Parce que le John Snow qui m’intéresse est un médecin britannique, fondateur de l’épidémiologie, célèbre pour avoir enraillé à Londres l’épidémie de choléra de 1854. Un John avec un h, un John qui a bel et bien existé et que Google enterre une seconde fois au profit d’un personnage de fiction à la mode.
La TV ne colorait pas notre dictionnaire. Elle laissait nos livres d’histoire tranquilles. Maintenant que nos livres sont sur le Net, et avec eux notre mémoire, tout se brouille. Accéder à une information différente de celle communément recherchée par tous exige un effort de plus en plus grand. Internet massifie la culture plus que le livre, plus que la radio, plus que la TV.
Je n’aime guère ce phénomène. Qui dit massification, dit uniformisation, généralisation possible de la moindre ânerie, du moindre extrémisme. Une fois tout le monde nourri de la même fiction, tout le monde devient manipulable avec beaucoup plus d’aisance. Le Net ne crée pas une population en révolte permanente comme nous l’avions cru à ses origines, mais une population soumise à quelques dictats idéologiques.
Nous avons espéré l’émergence de zones d’autonomie temporaire, nous devons réviser nos mots : Remplacer « zones » par « globalité », « autonomie » par « dépendance », « temporaire » par « définitif ». Google par son hégémonie signe-t-il l’émergence d’une globalité de dépendance définitive ?
Malgré moi je rejoins de plus en plus fréquemment les technocritiques. Il faudrait être aveugle pour ne pas voir ce qui se joue, d’autant que nous avons la chance extraordinaire de pratiquer une autopsie sur un corps vivant, étude souvent désespérante, mais qui révèle parfois des parcelles lumineuses, telle cette propension de l’Histoire à se fondre dans la fiction et inversement. J’aime cette idée selon laquelle nous pouvons construire le monde avec l’aide de notre imaginaire. C’est d’ailleurs pour cette raison que me suis intéressé à John Snow ce matin, mais je vous raconterai pourquoi plus tard.

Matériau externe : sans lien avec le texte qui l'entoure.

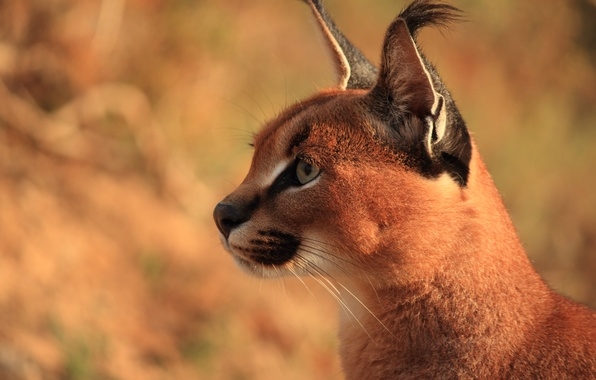 Caracal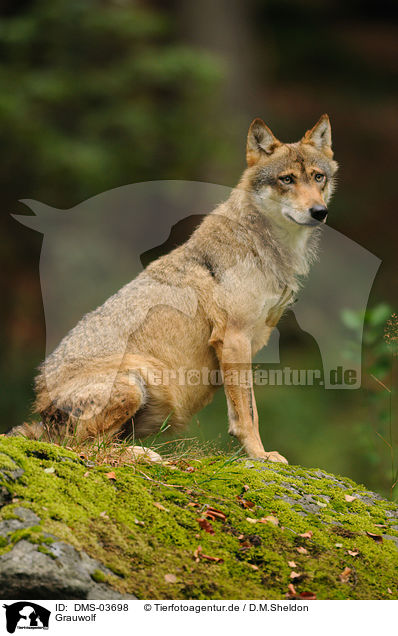 Grauwolf / greywolf / DMS-03698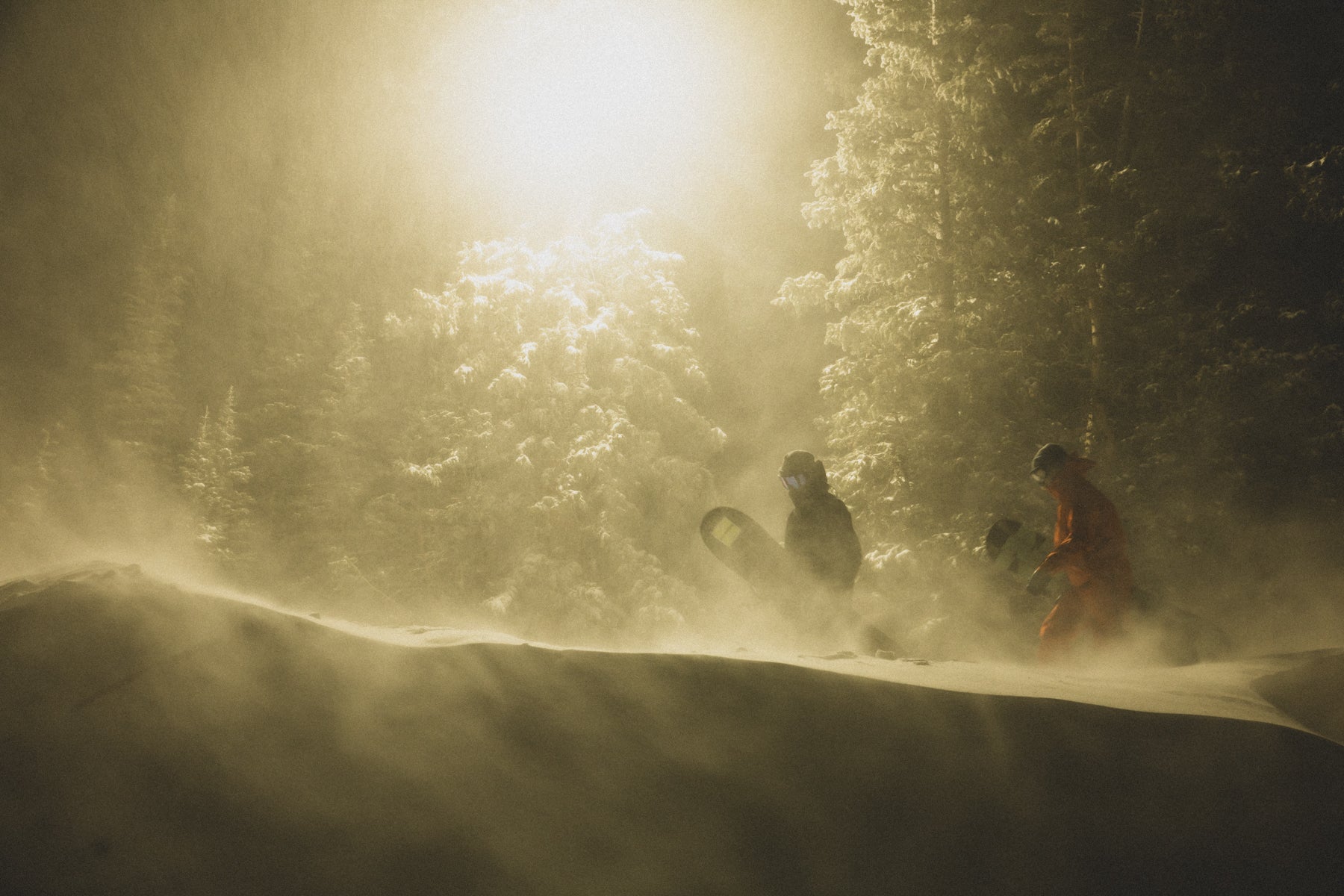 Genderless Collection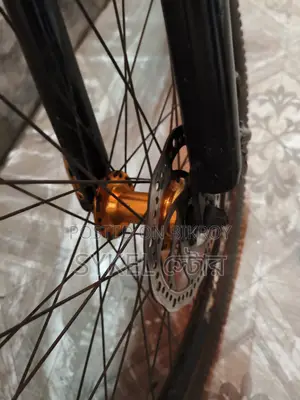 Phoenix Bicycles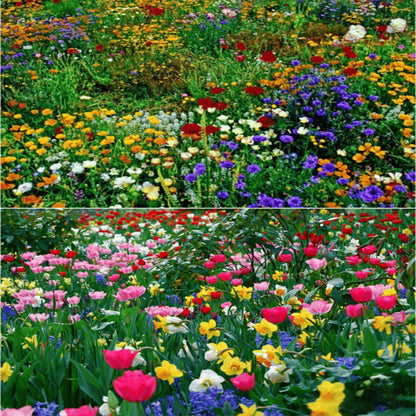 Mixed Perennial Flowers Seeds-Over 50 kinds mixed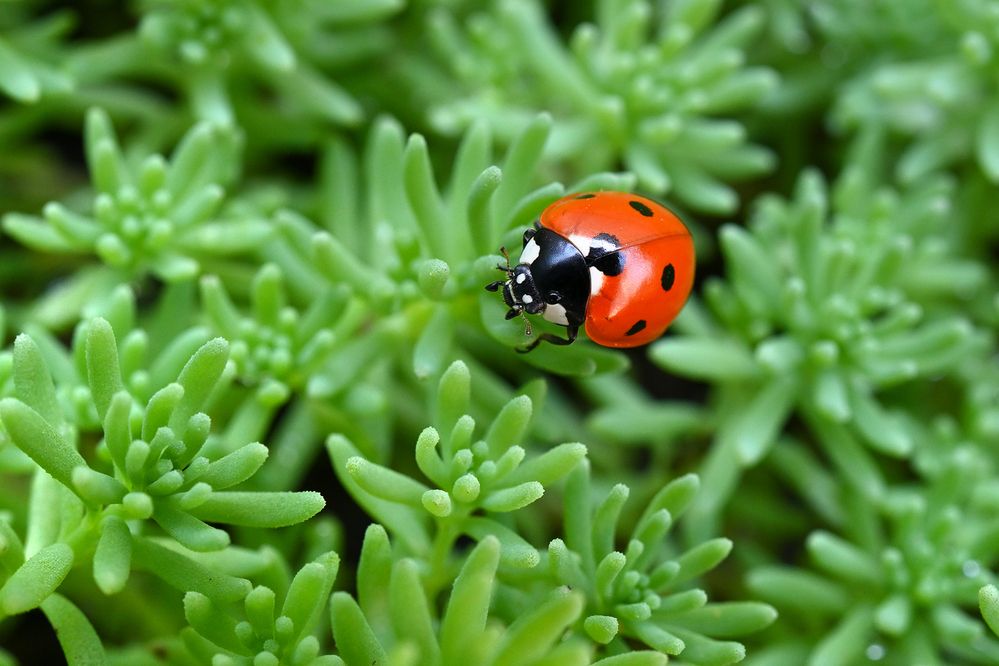 Photograph by Анатолий Садовский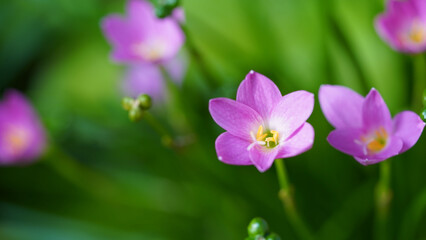 Beautiful Pink rain Lily (Zephyranthes rosea), planted in a row along the marble pathway in the flower garden.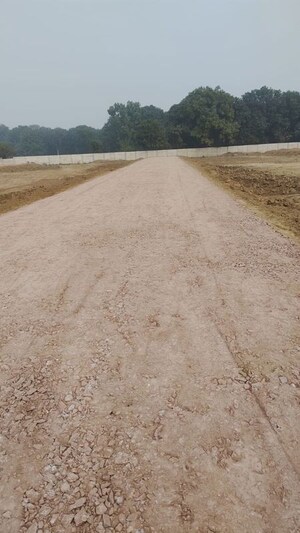 Plot Area in  Plot at Dadri – for Sale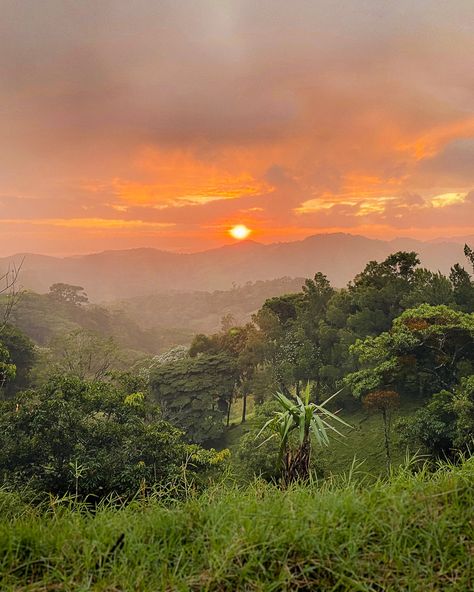 While Costa Rica may be a small country, it's packed with things to do. This country is filled with pristine beaches, moody cloud forests, towering volcanoes, thundering waterfalls, and amazing wildlife. An outdoor lover's dream! Luckily, it's possible to see all these highlights during Maui Kihei, Costa Rica Itinerary, Hawaii Trip Planning, Kihei Maui, Manuel Antonio National Park, Arenal Volcano, Boarding Passes, Costa Rica Travel, Surf Lesson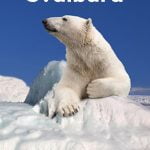 Polar bear safety: How to stay safe in Longyearbyen and on Svalbard
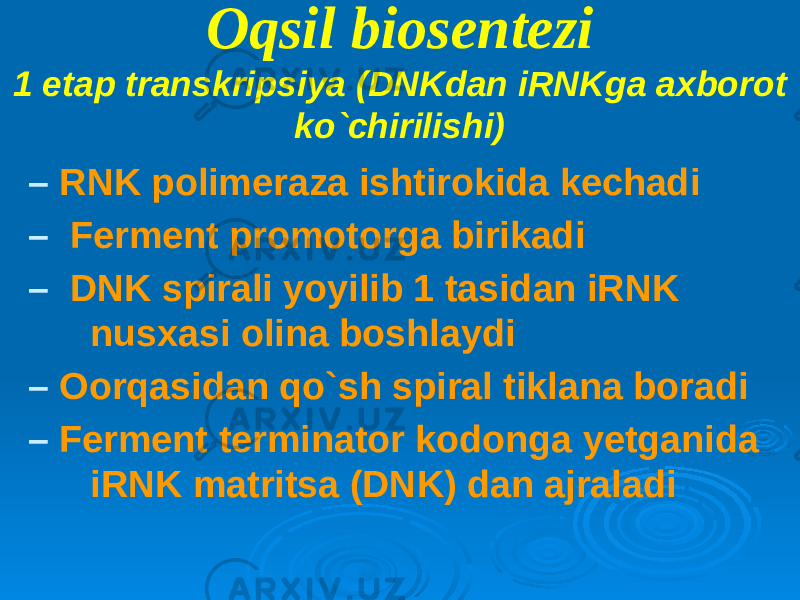 Oqsil biosentezi 1 etap transkripsiya (DNKdan iRNKga axborot ko`chirilishi) – RNK polimeraza ishtirokida kechadi – Ferment promotorga birikadi – DNK spirali yoyilib 1 tasidan iRNK nusxasi olina boshlaydi – Оorqasidan qo`sh spiral tiklana boradi – Ferment terminator kodonga yetganida iRNK matritsa (DNK) dan ajraladi 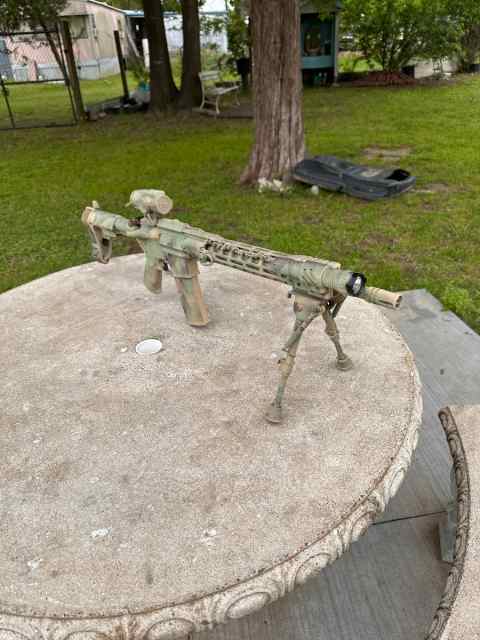 Custom Camo ARP 15 16” build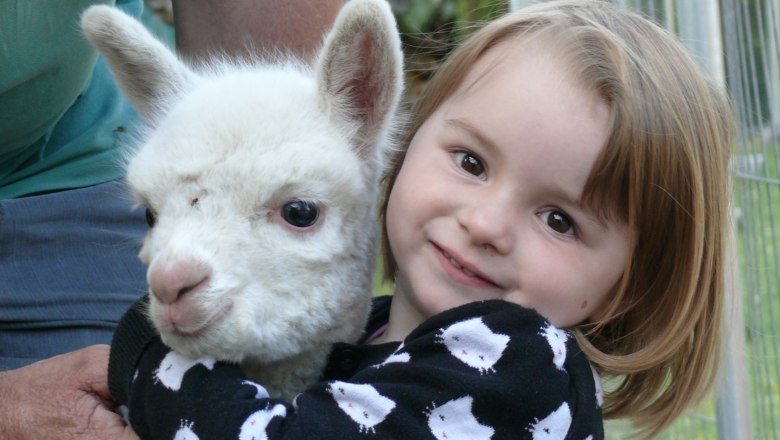 A little girl hugs a white alpaca.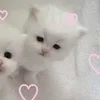 Стикер 16 🌟🌟парные статусы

PS1 : « Lorsque toutes les corrections qu’il était nécessaire d’apporter à un numéro spécial du Times avaient été rassemblées et collationnées, le numéro était réimprimé. La copie originale était détruite et remplacée dans la collection par la copie corrigée. Ce processus de continuelles retouches était appliqué, non seulement aux journaux, mais aux livres, périodiques, pamphlets, affiches, prospectus, films, enregistrements sonores, caricatures, photographies. Il était appliqué à tous les genres imaginables de littérature ou de documentation qui pouvaient comporter quelques signification politique ou idéologique. Jour après jours, et presque minute par minute, le passé était mis à jour. On pouvait ainsi prouver, avec documents à l’appui, que les prédictions faites par le Parti s’étaient trouvées vérifiées. Aucune opinion, aucune information ne restait consignée, qui aurait pu se trouver en conflit avec les besoin du moment. L’Histoire toute entière était un palimpeste gratté et réécrit aussi souvent que c’était nécessaire. Le changement effectué, il n’aurait été possible en aucune cas de prouver qu’il y avait eu falsification. » Orwell, 1984, citation suggérée à propos par Jacques Rosselin.
PS2 : Des internautes discutent de ma mauvaise foi, disant que j’aurais pu saisir une requête plus complète. C’est bien sûr ce que j’ai fait en seconde intention, mais j’ai trouvé extraordinaire de voir la fabrique de l’Histoire dévoilée au grand jour. Ce n’est pas Google le sujet de l’article, mais le processus historique comme l’a bien compris Jacques Rosselin en citant Orwell. D’ailleurs, pour bien des sujets, Wikipédia est désormais un meilleur moteur de recherche que Google (malheureusement incomplet à cause de l’intégrisme sourcier des Wikipédiens).